Unilever has postponed the separation of its ice cream division from the broader FMCG group due to the closure of government offices in the United States. Initially anticipated to be completed by mid-November, the spin-off was part of plans established in early 2024 for stock market listings in New York, London, and Amsterdam under the name The Magnum Ice Cream Company (TMICC).
In a recent filing with the London Stock Exchange on October 21, Unilever stated, “The revision to the timetable has arisen because the US Securities and Exchange Commission is currently unable to declare effective the US registration statement required for The Magnum Ice Cream Company NV shares to be admitted to listing and trading on the New York Stock Exchange.”
Despite this setback, Unilever clarified that preparations for the demerger are proceeding well, although a new timeline cannot yet be established. The company expressed commitment and confidence in executing the separation in 2025. TMICC will be led by CEO Peter ter Kulve and CFO Abhijit Bhattacharya.
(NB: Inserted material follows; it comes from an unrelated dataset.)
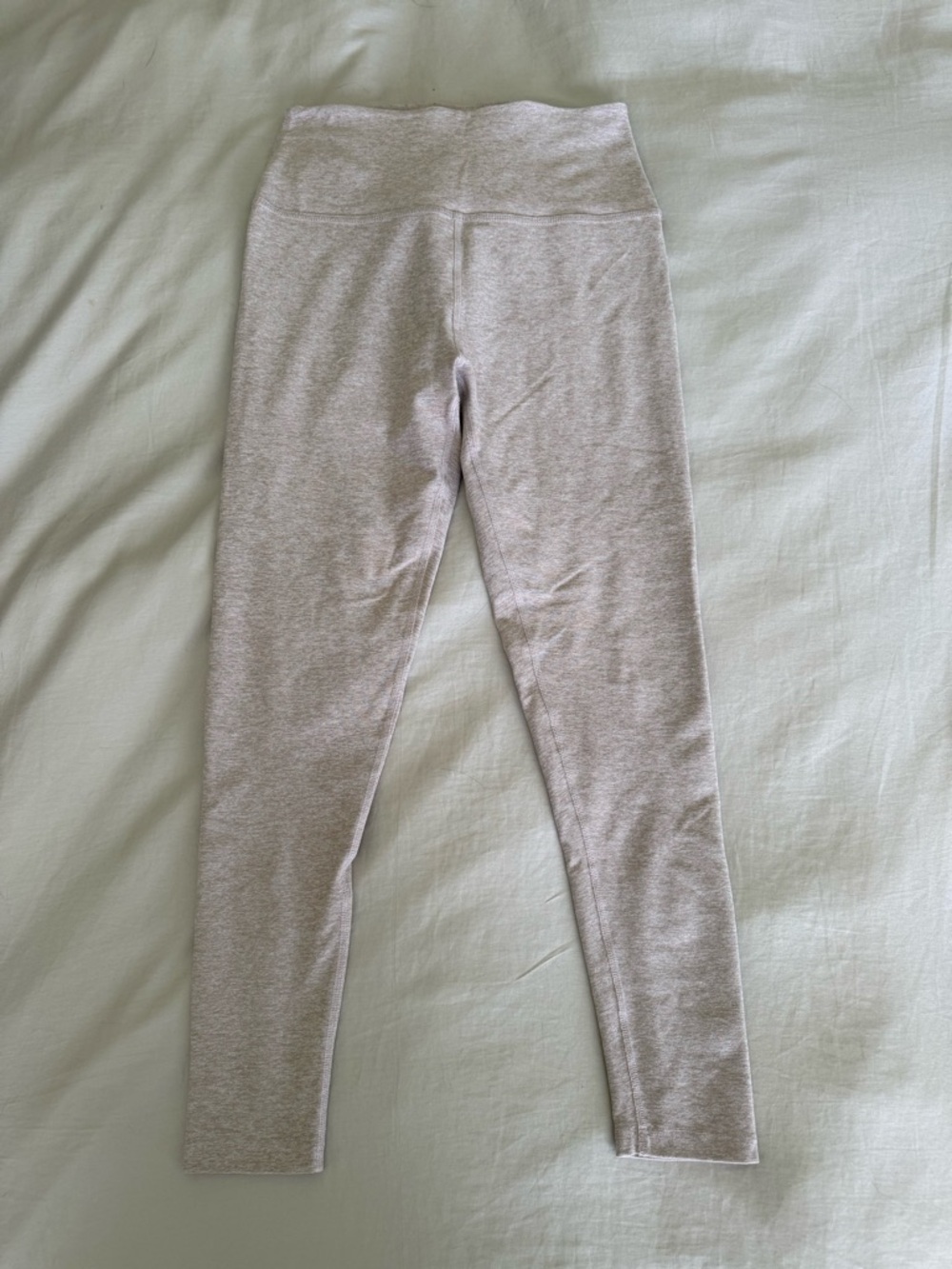 Beyond Yoga Women’s Light Heather Heathered Tan Gray High-Waist Leggings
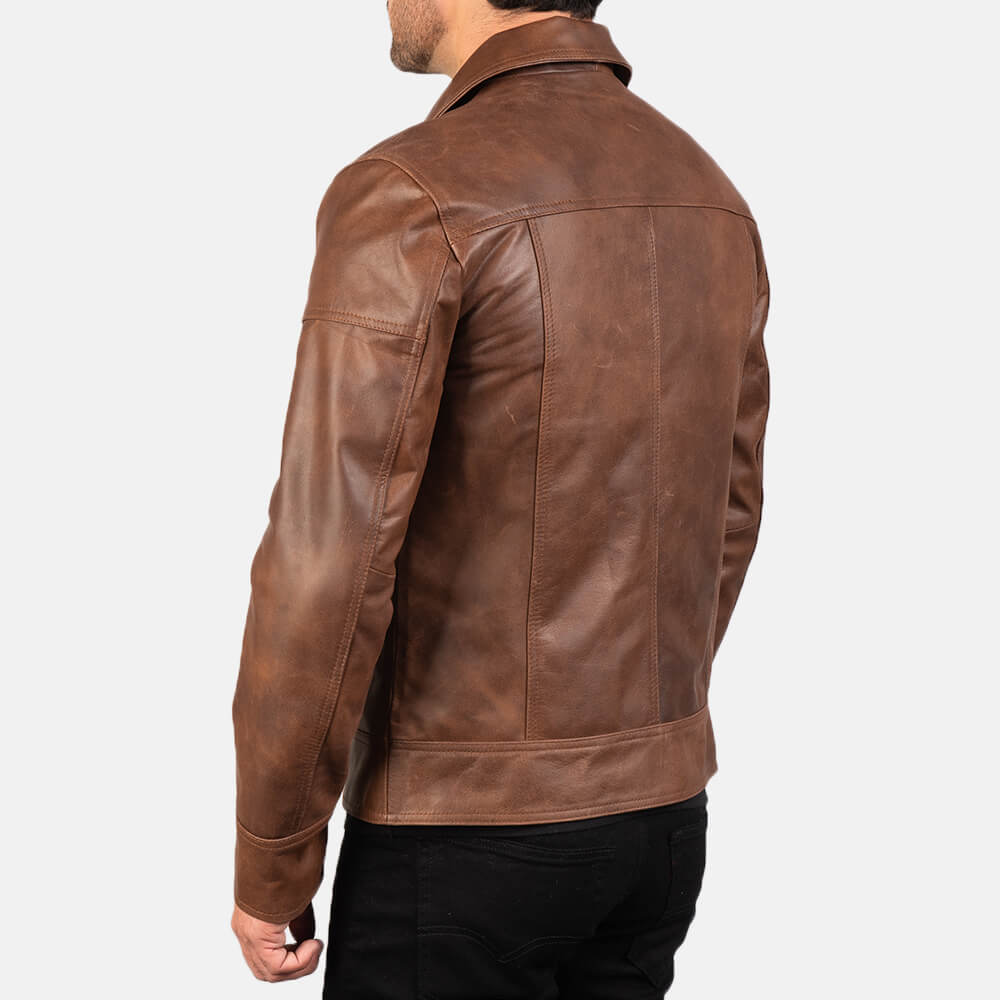 Lavendard Brown Leather Biker Jacket 04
As part of the strategy, Unilever will maintain a 20% stake in the ice cream business for a maximum of five years, with plans for a gradual divestiture. Shareholders recently approved the post-consolidation of shares related to the spin-off; however, Unilever warned that this process might also experience delays due to ongoing government shutdowns. These shutdowns have now extended into their third week due to disputes over budget funding for 2026.
In July, when announcing first-half results, Unilever indicated that share consolidation aims to streamline the total number of shares and preserve comparability in share price, earnings, and dividends pre- and post-demerger. Notably, this announcement precedes the upcoming third-quarter results report scheduled for Thursday.
In the first half of the year, Unilever recorded underlying sales growth (USG) of 3.4%, generating €30.1 billion ($34.9 billion) in revenue. The ice cream segment notably outperformed others, achieving USG of 5.9% and generating €4.6 billion in turnover. In contrast, the wider food business lagged, reporting USG of 2.2% with €6.6 billion in revenue.
During the capital markets day in September, Unilever projected that separation costs associated with the ice cream spin-off would total around €800 million primarily related to technology, 80% of which will materialize by the conclusion of 2026. Restructuring expenses for the period from 2025 to 2028 will represent approximately 0.8% of group revenues.
TMICC is poised to secure a 21% global market share, surpassing Froneri’s 11%. Described as two major players in the ice cream sector, Froneri is a joint venture between Nestlé and PAI Partners, which has recently welcomed investments from the Abu Dhabi Investment Authority.
For stakeholders interested in the evolving landscape of the food and beverage industry trends, this development marks a significant moment in the food and drink business ecosystem. With ongoing changes reshaping food and drink consumer trends, Unilever’s strategic maneuvering will undoubtedly capture the attention of industry analysts and investors alike.